The Maraş lion is a Late Hittite sculpture of a lion with a hieroglyphic inscription. It was discovered on the citadel of Kahramanmaraş (formerly Maraş) in 1883 and is displayed in the Kahramanmaraş Archaeological Museum. John David Hawkins assigned it the name Maraş 1, while Winfried Orthmann used Maraş B/1. Massive sculptures of lions are a recurrent feature of Hittite art, especially in the Neo-Hittite period.

== Discovery ==
The lion statue was discovered in 1883 by Carl Humann and Otto Puchstein on their Anatolian travels in the castle of Marʿasch (modern Kahramanmaraş). A second, uninscribed lion which was slightly larger was left in situ by one of the fortress gates, while the inscribed lion was taken to the Archaeological Museum in Istanbul. A plaster cast was produced for the Berlin Museums. After many years, the lion was transferred to the Kahramanmaraş Archaeological Museum on 30 August 2013, at the initiative of the Ministry of Culture and Tourism (Kültür ve Turizm Bakanlığı). The sculpture has been analysed by numerous scholars, including Ekrem Akurgal, Helmuth Theodor Bossert, John David Hawkins and Winfried Orthmann.

== Description ==
The basalt sculpture is 0.41 metres high, 0.73 m long and 0.23 m wide. It is in very good condition. The head and the front legs are fully carved in the round; the left side is carved in high relief upon the inscribed plaque between the feet and the body. The right side, backside, left hindquarters and the tail are unworked, probably because they were not visible in the statue's original location by a door or next to another statue. This flat surface continues in a platform on the lion's back. Hawkins therefore suggested that the line was the pedestal for a statue.

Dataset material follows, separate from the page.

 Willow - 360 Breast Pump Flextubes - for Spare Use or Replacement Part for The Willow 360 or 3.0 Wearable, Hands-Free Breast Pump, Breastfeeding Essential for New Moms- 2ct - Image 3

The round head shows Assyrian influence. Eyes, nose and ears are clearly recognisable. The open mouth is lined with a row of teeth; the largest fangs collide with each other. The stylised mane stretches to its shoulders and halfway down his front legs. Chest hair is also visible in diamond-shaped tufts. Claws and toes are clearly worked on the front paws and are also visible on the back legs.

Above the left front leg, in the mane, there is a flat recessed area with a badly damaged figure of a man standing on an animal (probably a lion). This might be the author of the inscribed text. Hawkins understands it as the text's introductory amu-figure - amu being the Luwian hieroglyphic EGO-symbol ("I"). A six line hieroglyphic inscription begins to the right of this figure, which runs all the way to the lion's tail and continues in a Boustrophedon style over the entire body of the lion and the flat space between its legs. The text breaks off between the front legs at the beginning of a seventh line; it is assumed that the text continued on another surface, either on a statue standing on the lion's back or on a second lion.

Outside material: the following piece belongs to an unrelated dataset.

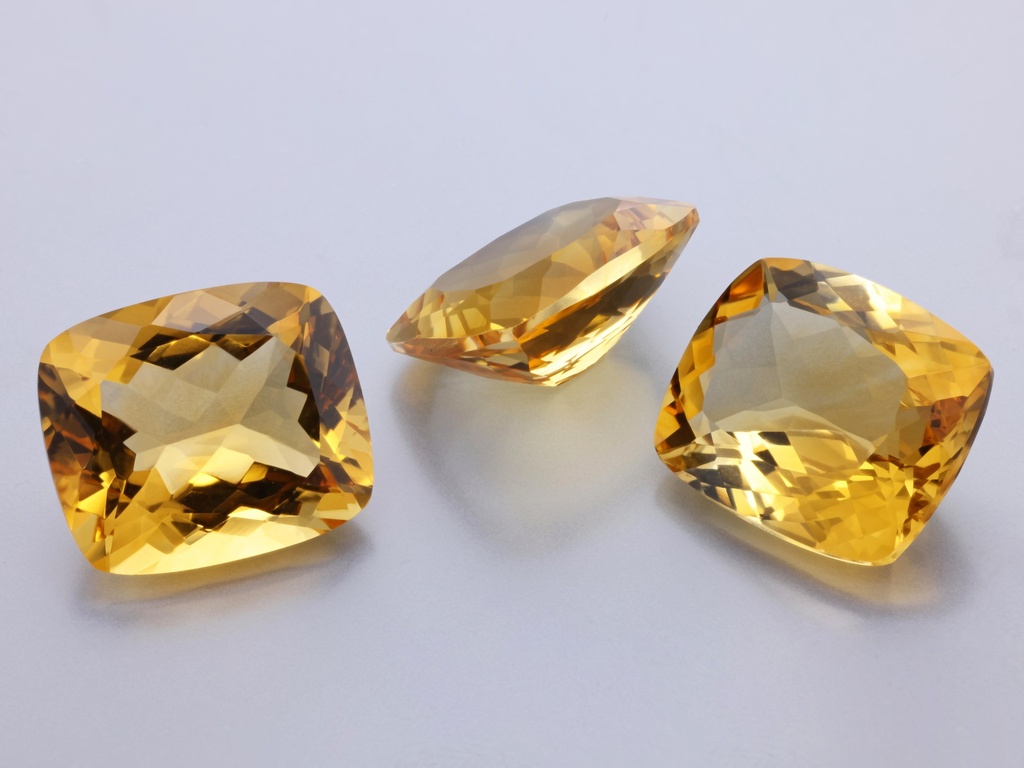 [QCAB1412] Citrine 14x12mm Cushion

In the inscription, the author is named as Halparuntiyas, King of Gurgum, son of Laramas, grandson of Halparuntiyas, great-grandson of Muwatalli.... He declares his loyalty to the gods, especially Tarhunzas and Runtija, as well as his veneration of his ancestors, and then he describes his deeds. From the list of ancestors it is possible to identify the ruler as Halparuntiyas III, king of the Neo-Hittite kingdom of Gurgum, whose capital lay on the location of modern Kahramanmaraş. The depiction of the ruler standing atop a lion probably indicates his posthumous divinisation, suggesting that the statue was made in or after the reign of Halparuntiyas III, at the end of the 9th century BC.

== Bibliography ==
- Winfried Orthmann. Untersuchungen zur späthethitischen Kunst. (= Saarbrücker Beiträge zur Altertumskunde Vol. 8) Habelt, Bonn 1971, ISBN 978-3774911222, pp. 89, 139, 143, 205, 288, 290, 291, 360, 524.
- John David Hawkins. Corpus of Hieroglyphic Luwian Inscriptions. Vol. I: Inscriptions of the Iron Age. Part 2: Text. Amuq, Aleppo, Hama, Tabal, Assur Letters, Miscellaneous, Seals, Indices. (= Studies in Indo-European Language and Culture 8). de Gruyter, Berlin. 2000, ISBN 3-11-010864-X, pp. 261–265 No. IV.4 Tbl. 112–113.